Life

Sunday, January 29, 2006

WEEEEEEEEEEEEEEE

Tips at Denny's were suprisingly good this weekend... worked Friday Latenight, Saturday Swing, and Sunday Swing, sold about $1400 for the whole weekend and made about $100 in tips... about.. too bad its all going to gas and to help pay off my 2 month late cell phone bill... UGG. oh and screw anyone who sais 7% sucks because honestly for ME I'm happy with 5%.

Saturday, January 28, 2006

Ahh metaphors.

Forsaken By Destiny
Forsaken By My Own Mind.
I Must Remove My Skin
To See Belief In Your Eyes!

Dreaming of Denny's

So last night I worked 12-5 right? well that was ok, didnt make any money cause i had to borrow $15 for a float since i used all my change for bills and gas money... so yea i worked a good 5 and a half hours and ended up making 0 dollars. weeee.

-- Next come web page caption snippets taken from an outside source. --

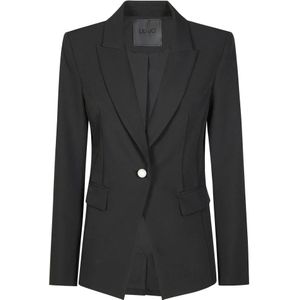 Liu Jo, Dames, Jassen, Zwart, Maat: XS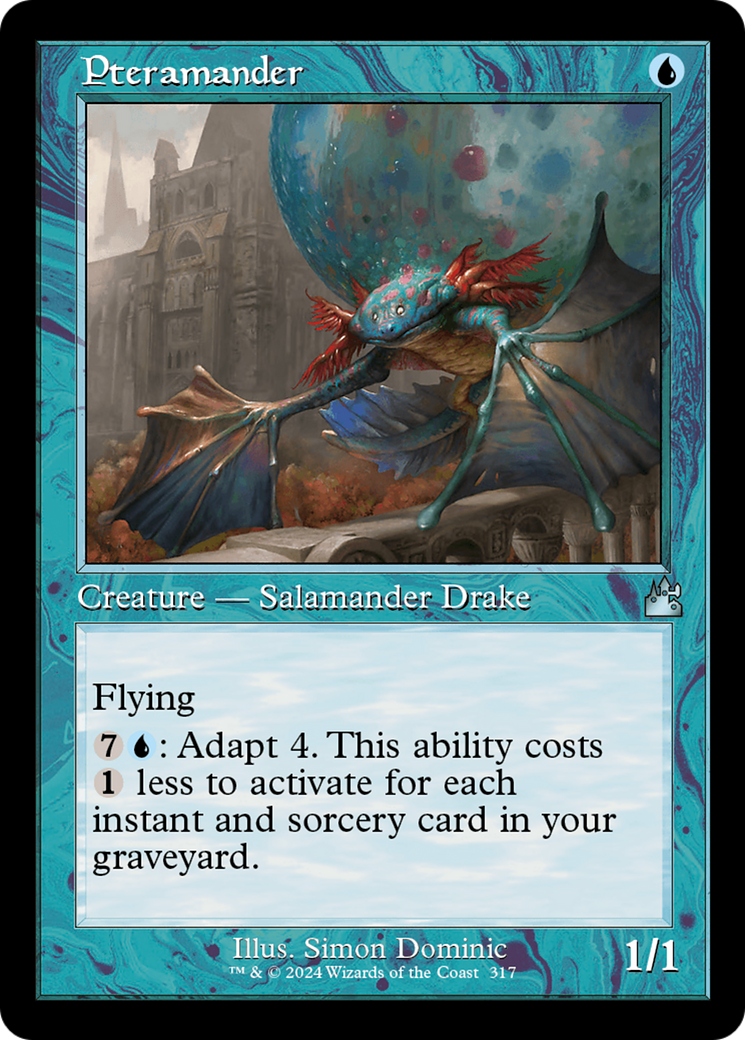 Pteramander (RVR-317) - [Ravnica Remastered]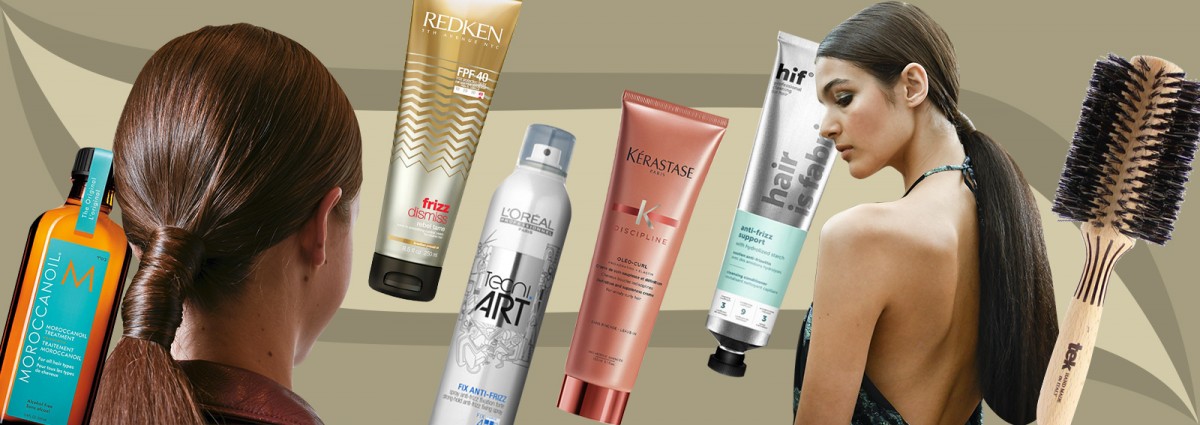 capelli crespi e secchi i migliori prodotti anti frizz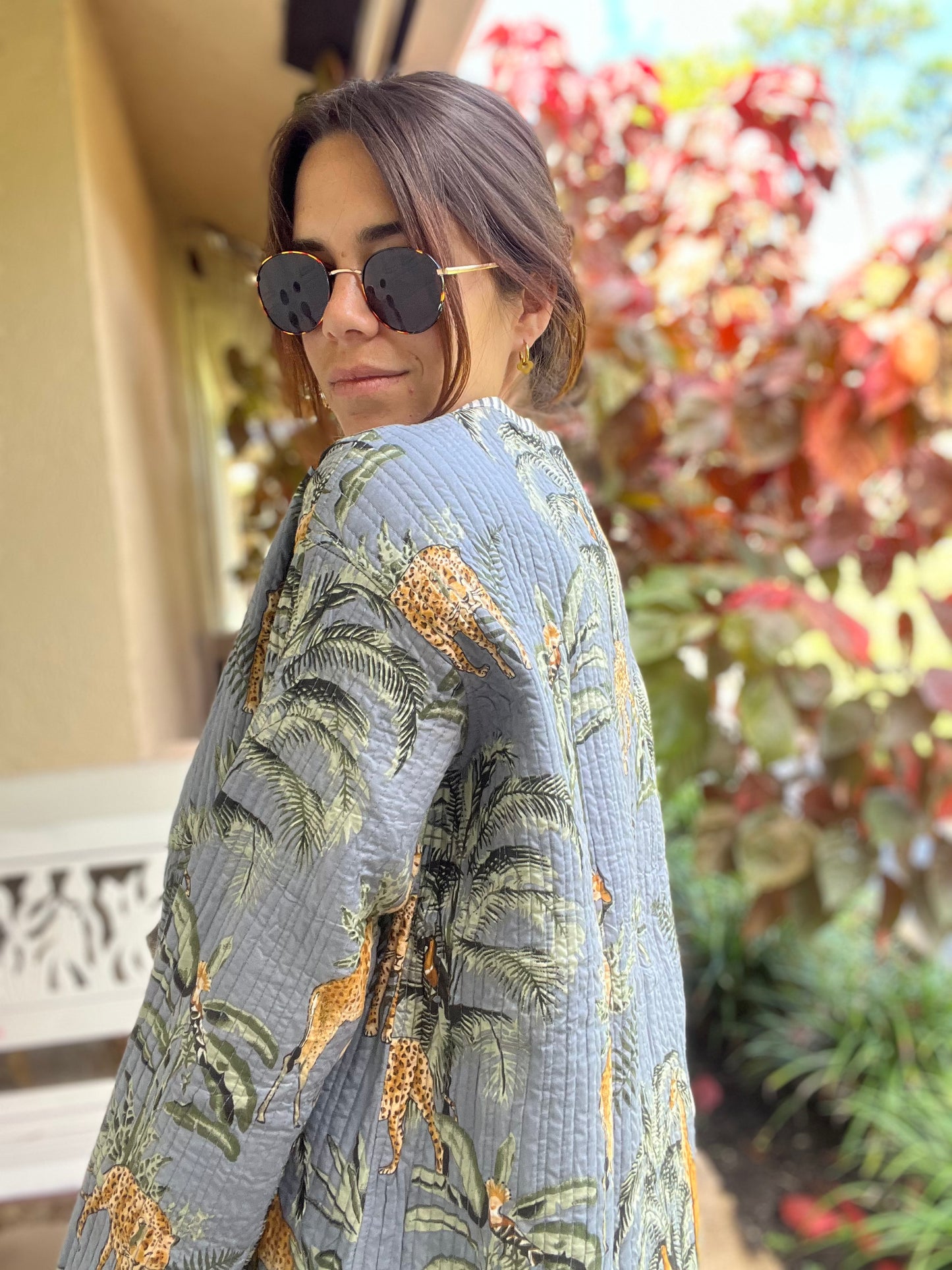 Suzani jacket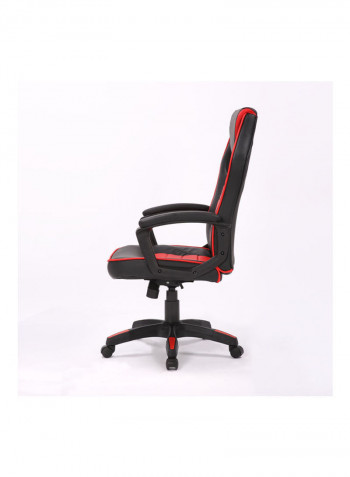 Adjustable Gaming Chair Red/Black 67x120x63cm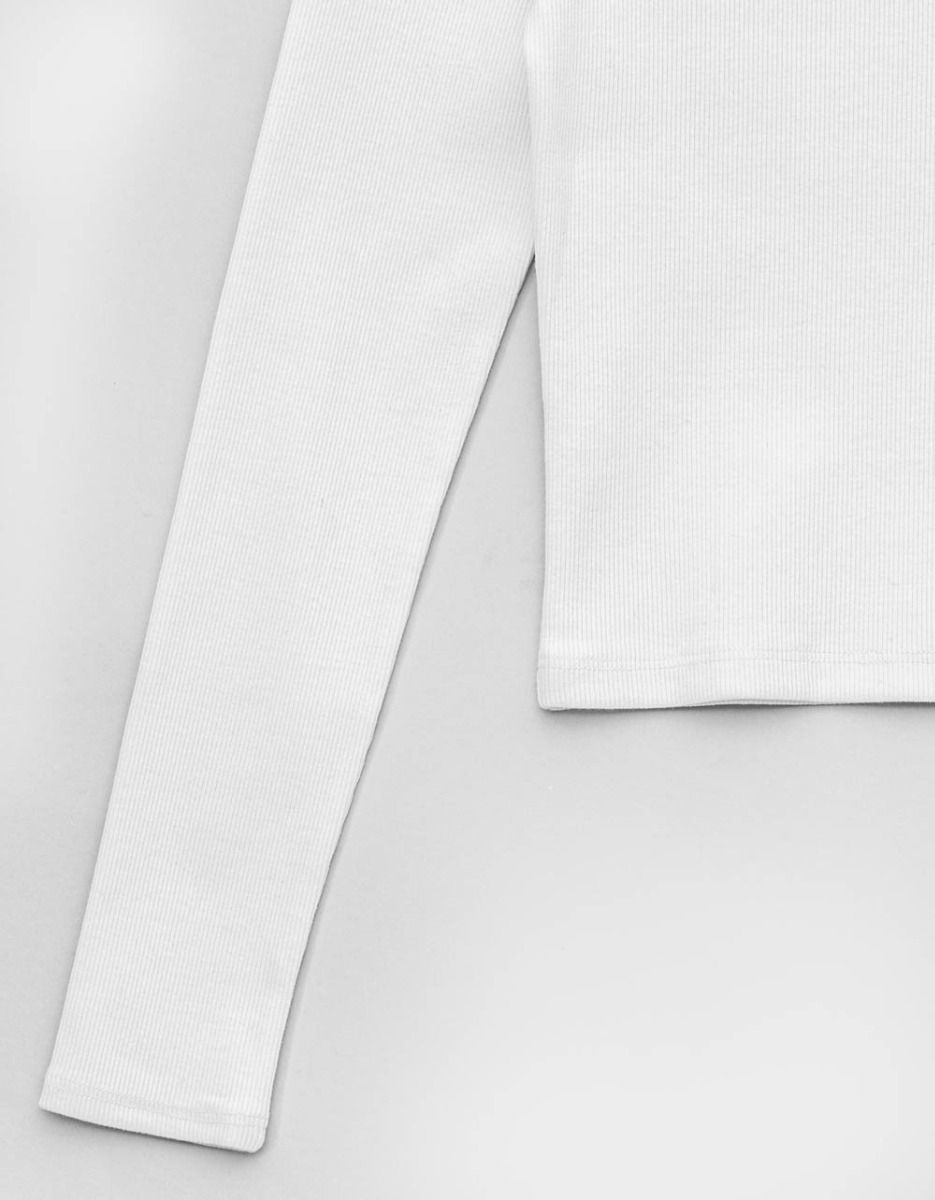 LS Boatneck Tee in White_5
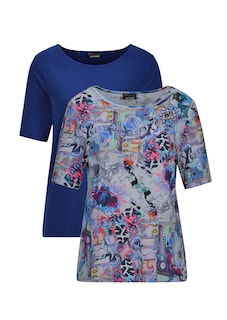 T-shirt en jersey en lot de 2 thumbnail 6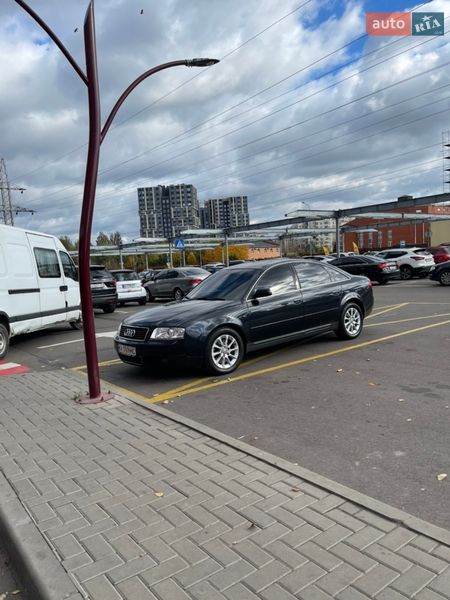 Седан Audi A6 2002 в Киеве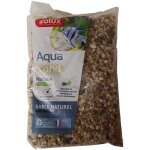 Zolux - sol dcoratif 2 - 5 mm naturel quartz jaune aquasand 1 kg pour aquarium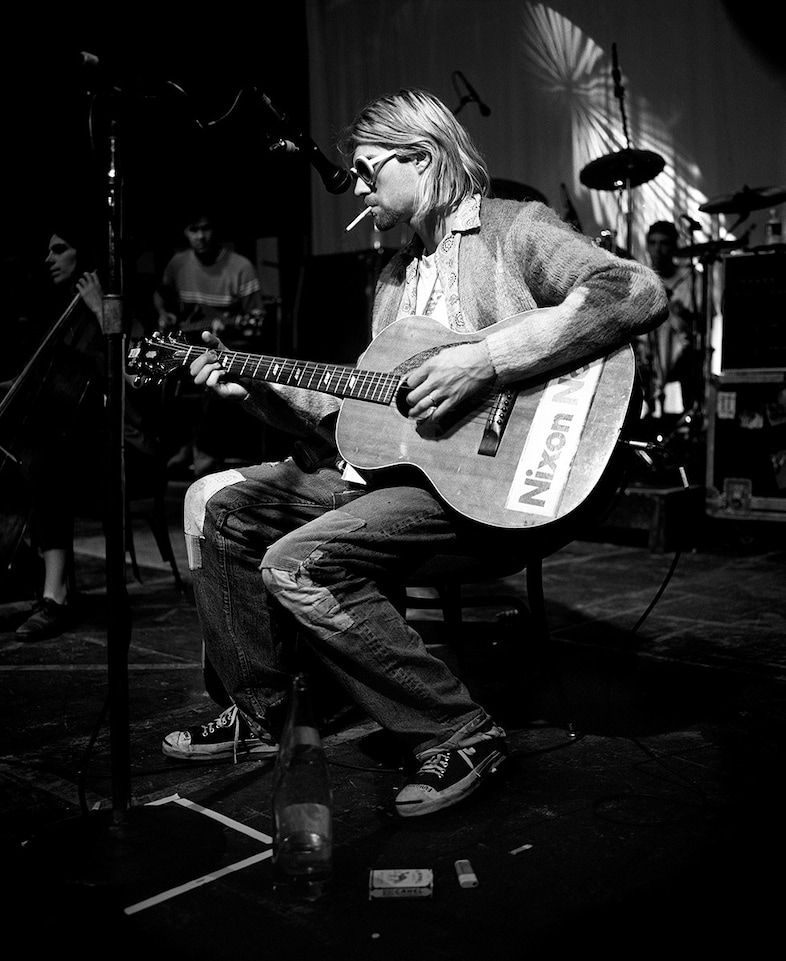 Kurt Cobain by Jesse Frohman 3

Got home this morning at about 6-6:30. and went straight to bed. and woke up at 8am because i forgot to take table 19 their toast and they were mad. and then after that I was trying to cast arcane shot (from world of war craft) at table 24 and my pet (also from WoW) wasnt listening to me, and i woke up again.

The whole morning was spent trying to sleep without dreaming of working while playing WoW... I feel SOOO rested..... .... *cough*

Tuesday, January 24, 2006

Head feels wierd

My head has been feeling wierd all day. It's like everything is thick and heavy and it's like all my sensory receptors are slow cause i see something on tv and it takes a second to realize what i just saw. I dunno. imma have a shower hopefully that clears things up a bit. and also ive been caughing a lot today and my lower abs hurt like crazy every time i do. I'm falling appart in my old age :S (im 20 almost 21).

Oh and on a side note. my family hasn't seen my cat since last night. i hope he's ok. I'll miss him terribly if he's gone.

Friday, January 20, 2006

I have decided

Slipknot - Vermillion pt 2. is my current favorite song. Please download it. It's so sad, and loving at the same time. It makes me want to... I dont know, but it moves me.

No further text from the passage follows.